Use Parallel Queries Execution
This document introduces the usage scenarios, usage examples, restrictions, and common issues of parallel query execution in Cloudberry Database. When Cloudberry Database executes a query, multiple CPU cores are used to process a single query, thereby improving query performance. The database dynamically adjusts the number of computing nodes (including the SeqScan
operator) according to the data volume change.
Applicable scenarios
Suitable for the scenario where a few segments are deployed on a single physical machine. Using parallel query execution in this scenario can dynamically adjust parallel sessions, spare the need to deploy more segments, and improve performance.
When the host CPU and disk load are not high, enabling parallel sessions for operators can bring better performance.
How to use
Cloudberry Database supports parallel query execution on AO/AOCO and heap tables.
Parallel queries on heap tables
-
Before enabling parallel queries, you need to turn off the GPORCA optimizer.
SET enable_parallel = ON;
SET optimizer = OFF; -
Set the maximum value for the parallel session.

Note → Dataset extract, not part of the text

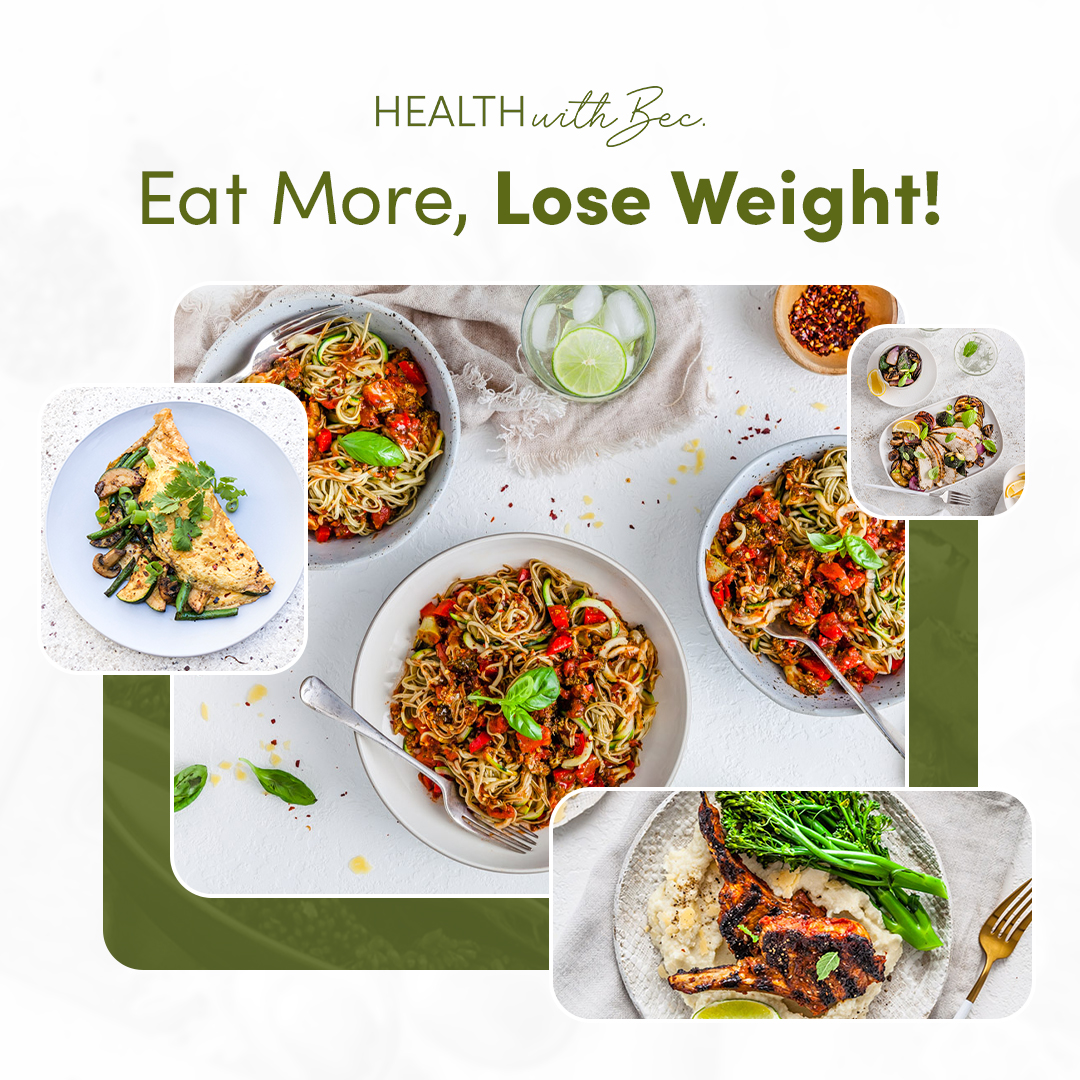 Health With Bec Facebook ad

-- When setting this parameter
-- you need to consider the number of CPU cores and segments.
SET max_parallel_workers_per_gather = 4;Query example:
CREATE TABLE t1 (c1 int,c2 int, c3 int, c4 box) distributed by (c1);
INSERT INTO t1 SELECT x, 2*x, 3*x, box('6,6,6,6') FROM generate_series(1,1000000) AS x;
SELECT count(*) from t1;
Parallel queries on AO/AOCO tables
-
Before enabling parallel queries, you need to turn off the GPORCA optimizer.
SET enable_parallel = ON;
SET optimizer = OFF; -
Set the maximum value for the parallel session.
-- When setting this parameter
-- you need to consider the number of CPU cores and segments.

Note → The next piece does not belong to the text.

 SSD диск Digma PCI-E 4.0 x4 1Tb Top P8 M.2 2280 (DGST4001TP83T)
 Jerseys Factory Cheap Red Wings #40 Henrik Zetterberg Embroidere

SET max_parallel_workers_per_gather = 4;
-- Sets how many files the data will be inserted into in a transaction.
-- Larger values might lead to performance degradation, especially for AOCO tables.
SET gp_appendonly_insert_files = 8;
-- Switches to the next file to insert data every 100,000 rows.
-- This number of rows can be adjusted,
-- to make the data as evenly distributed as possible across multiple files.
SET gp_appendonly_insert_files_tuples_range = 100000; -
Insert data and run a query.
CREATE TABLE ao(x INT) USING ao_row;
INSERT INTO ao SELECT i FROM generate_series(1, 1000000) i;
-- It is recommended to update statistics first.
ANALYZE ao;
SELECT COUNT(*) FROM ao;
Parameter description
Parameter name | Description | Default value | Is it required? | Example |
---|---|---|---|---|
enable_parallel | Determines whether to enable parallel execution. | OFF | Yes | SET enable_parallel = ON; |
optimizer | Determines whether to enable the GPORCA optimizer. | ON | Yes | SET optimizer = OFF; |
gp_appendonly_insert_files | Specifies how many files the data will be inserted into in a transaction. | 4 | No | SET gp_appendonly_insert_files = 8; |
gp_appendonly_insert_files_tuples_range | Specifies the threshold of rows in a file, beyond which data will be inserted into a new file. | 100000 | No | SET gp_appendonly_insert_files_tuples_range = 100000; |
Frequently asked questions
-
Currently, Cloudberry Database supports executing queries in parallel that contain the following operators. If a query contains other operators, it will not be executed in parallel.
sequence scan
index scan
index only scan
bitmap heap scan
append
hash join
nestloop join
merge join -
Parallel queries do not always improve query performance. Too many parallel sessions can cause overload and lead to performance degradation.
-
Enabling parallel sessions for a query means a significant increase in memory overhead, which might cause errors due to insufficient memory.